> **WHAT IS EXPECTED**: Print each entry as it appears. Images stay out of the copy.

- Opening Delimiter -

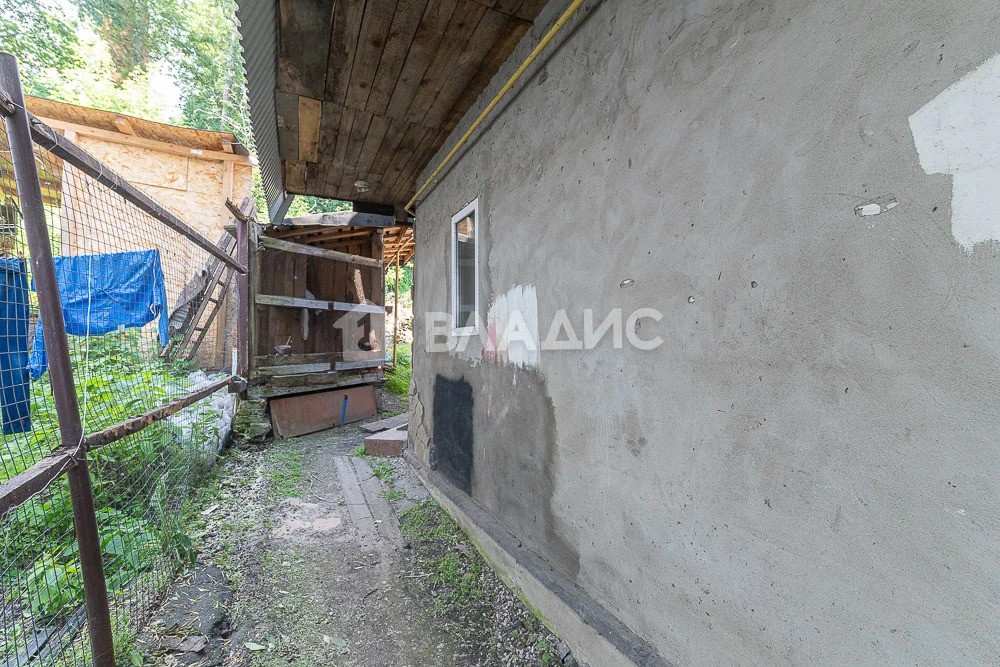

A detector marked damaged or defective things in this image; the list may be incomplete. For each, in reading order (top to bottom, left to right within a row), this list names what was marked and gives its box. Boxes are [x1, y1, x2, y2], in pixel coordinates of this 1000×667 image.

rusty metal fence post [0, 53, 117, 667]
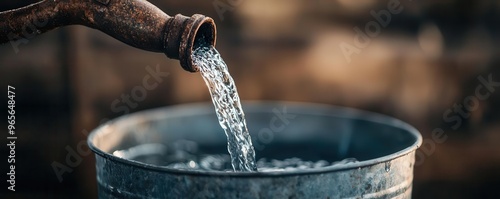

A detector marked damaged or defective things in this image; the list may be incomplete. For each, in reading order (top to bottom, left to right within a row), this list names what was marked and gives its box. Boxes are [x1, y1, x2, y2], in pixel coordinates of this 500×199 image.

rusty metal pipe [0, 0, 215, 71]
corroded pipe fitting [0, 0, 216, 72]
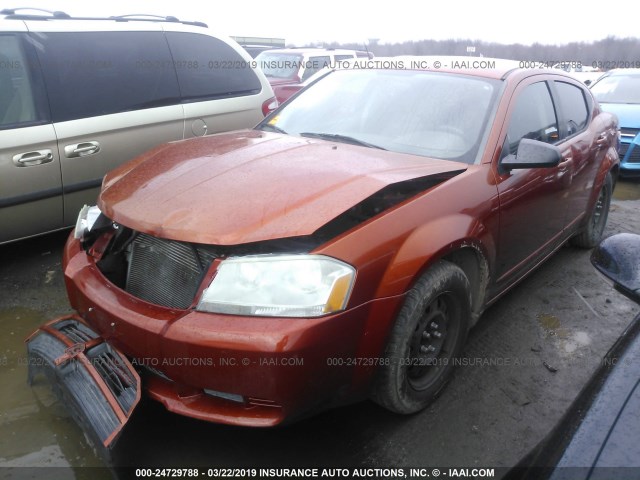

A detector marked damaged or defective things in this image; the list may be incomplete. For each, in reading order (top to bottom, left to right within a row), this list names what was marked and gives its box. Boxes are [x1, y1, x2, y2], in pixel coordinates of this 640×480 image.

rust on hood [99, 130, 470, 246]
broken headlight [196, 255, 356, 318]
detached bumper piece [26, 316, 140, 450]
missing front bumper [26, 316, 140, 450]
damaged front end [26, 316, 140, 458]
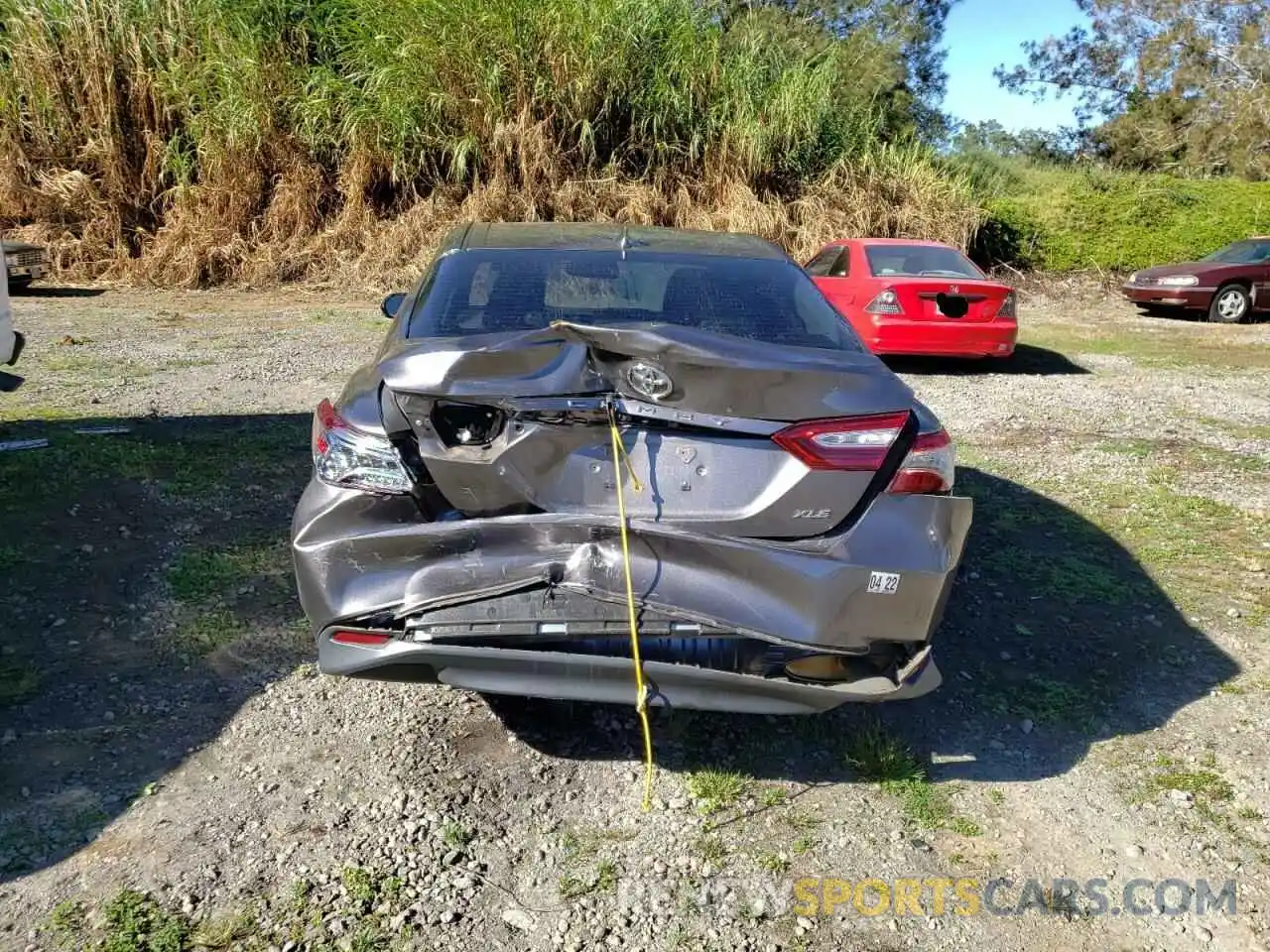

- Closing Delimiter -

> **OUTPUT OF THE EXERCISE**:
A detector marked damaged or defective things in this image; the list may be incomplete. For each, in reading order (top to bottom, left to right within a row), this list names what was marked and gives its box. Boxes are [x1, y1, x2, y2], in pixel coordinates of this 1000×667 image.

rusty metal fence post [0, 53, 117, 667]

A detector marked damaged or defective things in this image; the list may be incomplete. For each, in reading order (top to bottom, left to right within a row), this list names what was marked and gives its box. Boxes are [x1, y1, x2, y2], in pixel coordinates of this 500×199 image.

rusty metal pipe [0, 0, 215, 71]
corroded pipe fitting [0, 0, 216, 72]

A detector marked damaged or defective things in this image; the list may be incomplete. For each, in reading order (top to bottom, left to right within a row), this list names what was marked and gives its box. Boxes are [x1, y1, x2, y2], in pixel coordinates of this 640×480 image.

rust on hood [99, 130, 470, 246]
broken headlight [196, 255, 356, 318]
detached bumper piece [26, 316, 140, 450]
missing front bumper [26, 316, 140, 450]
damaged front end [26, 316, 140, 458]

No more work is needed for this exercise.